TASK REQUIREMENTS
Your copy should hold only the lines from the one holding "Zona Porto - Vista" through the last line of the records below, both included, each exact and with no pictures.

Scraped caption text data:
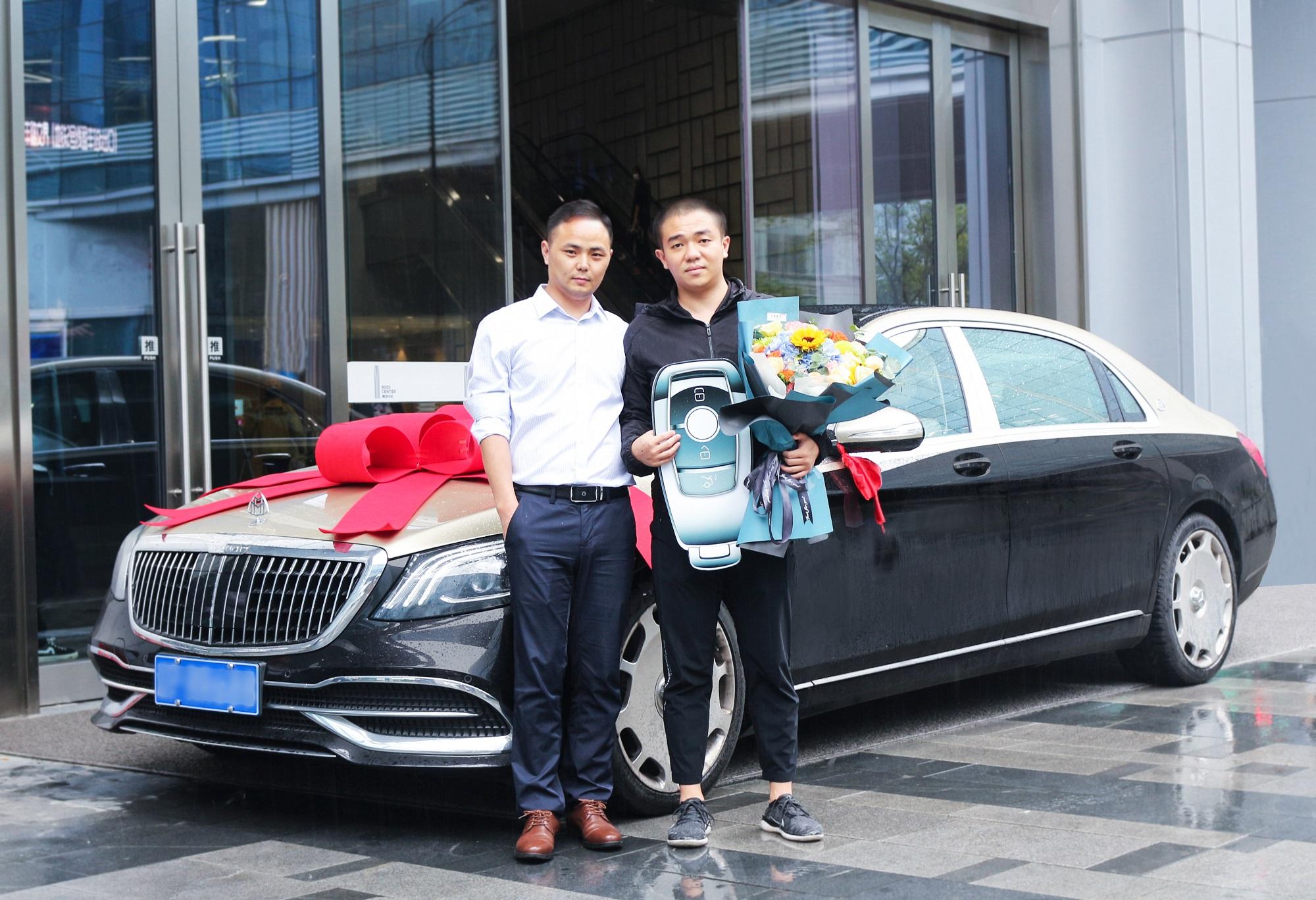 豪气蜜果出行送员工一辆价值数百万的迈巴赫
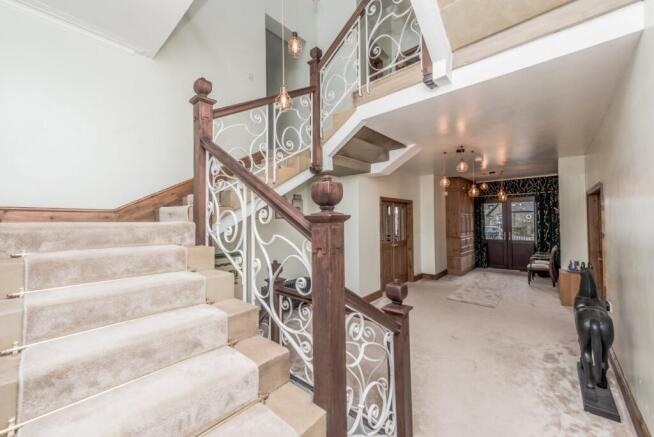 8 bed Detached for sale Image 4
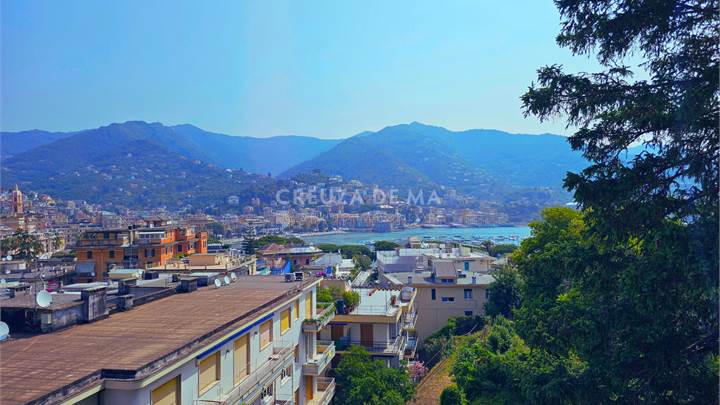 Zona Porto - Vista Mare Terrazza e Posto Auto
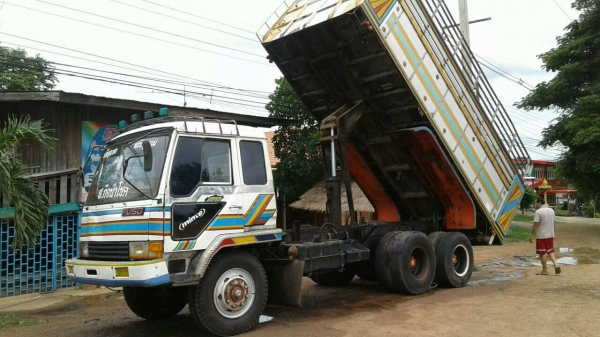 ขาย 10 ล้อดั้ม เพลาเดียว FUSO เครื่อง 6D16 195 แรงม้า คัสซีสวยตลอดเส้น เบรคทิฟฟี่ พวงมาลัยพาวเวอร์ ทะเบียนครบพร้อมโอน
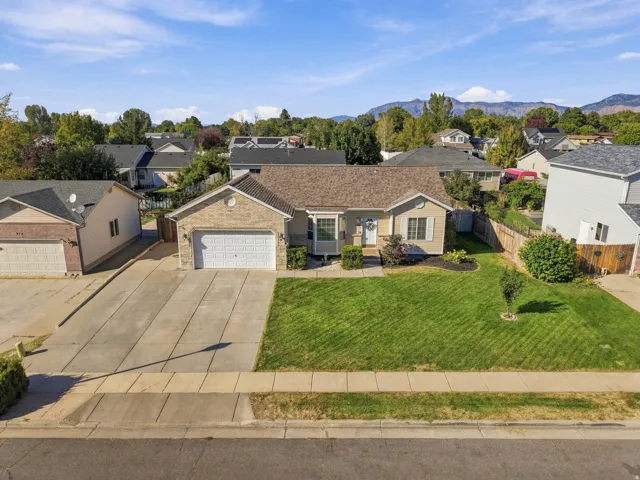 696 W 1960 N, Clinton, Utah 84015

FINISHED TASK
 Zona Porto - Vista Mare Terrazza e Posto Auto
 ขาย 10 ล้อดั้ม เพลาเดียว FUSO เครื่อง 6D16 195 แรงม้า คัสซีสวยตลอดเส้น เบรคทิฟฟี่ พวงมาลัยพาวเวอร์ ทะเบียนครบพร้อมโอน
 696 W 1960 N, Clinton, Utah 84015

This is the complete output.